Dadasaheb Phalke Award

  • Dadasaheb Phalke Award is given for outstanding contribution to the growth and development of the Indian cinema
  • This award was initiated in 1969
  • The first receiver of this award was Devika Rani

Pritzker Architecture Prize

  • Pritzker Architecture is awarded in the field of Architecture
  • This award started in the year 1979
  • The first awardee was Philip Johnson

Grammy Award

  • Grammy Award is given for outstanding achievement in the music industry
  • This award and honour was initiated in 1959
  • The first receiver of the ‘Record of the Year’ was Nel Blu Dipinto Di Blu (Volare), first receiver of ‘Album of the Year’ was The Music from Peter Gunn and ‘Song of the Year’ was Nel Blu Dipinto Di Blu (Volare)

Abel Prize

  • Abel prize is given for outstanding scientific work in the field of Mathematics
  • This award was instituted in the year 2002
  • The first Indian awardee was Professor Srinivasa SR Varadhan (2007) whereas at the international level the first awardee was Jean-Pierre Serre (2003)

Lal Bahadur Shastri National Award

  • Lal Bahadur Shastri National Award is given for excellence in academics/ public administration or management.
  • It was initiated in 2000
  • The first awardee was Prof.
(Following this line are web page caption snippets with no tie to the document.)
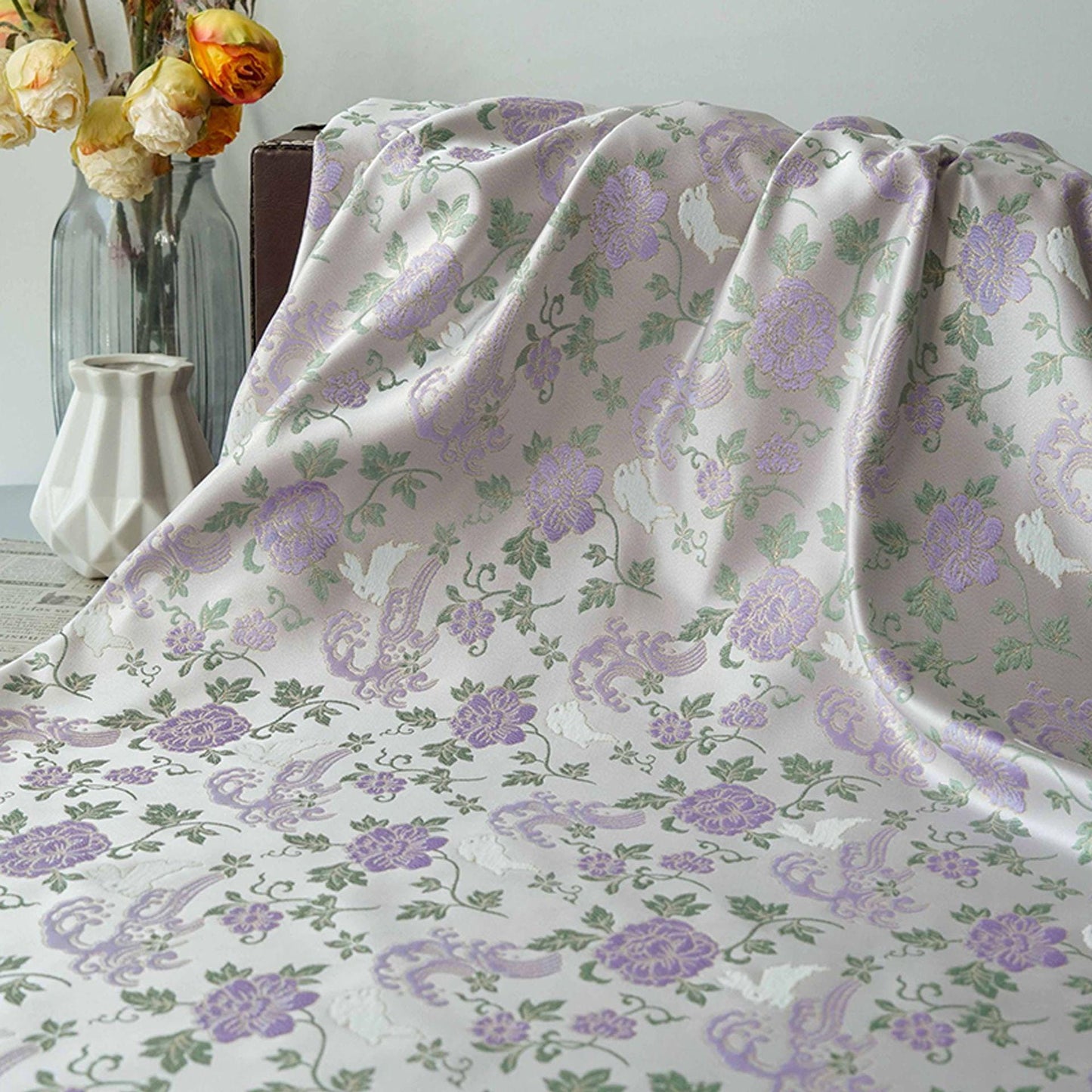 Jade Rabbit Brocade Fabric: Chinese Gold Jacquard Woven Textile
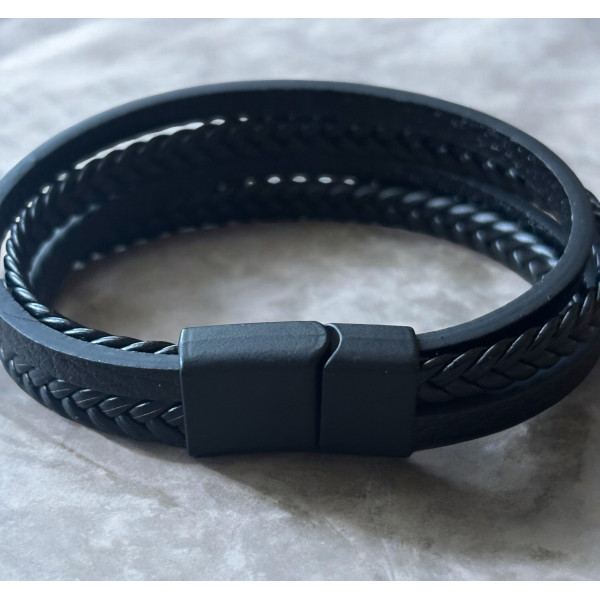 Браслет Mirshine Braid Leather Black Браслет Mirshine Braid Leather Black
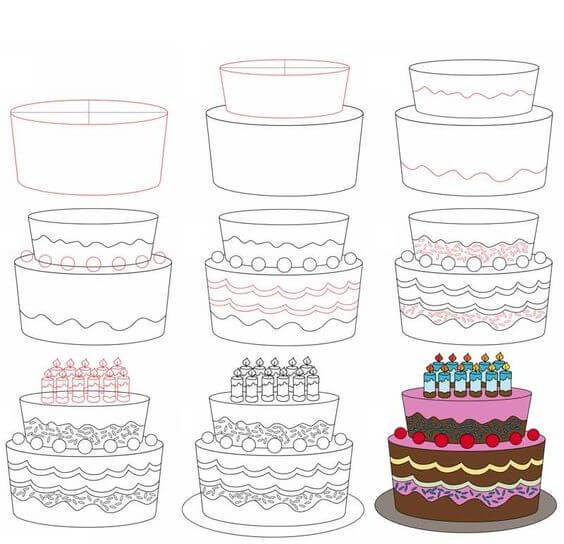 Birthday cake idea (30) Drawing Ideas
C.K. Prahalad
The Fukuoka Prize
  • It is an award established by the city of Fukuoka (Japan) to honor the outstanding work of individuals or organisations in preserving or creating Asian culture. There are three prize categories: Grand Prize, Academic Prize, and Arts and Culture Prize.
  • Few prominent Indian winners are Romila Thapar (1997), Amjad Ali Khan (2004), Ramchandra Guha (2015), A.R. Rahman (2016), Teejan Bai (2018), etc.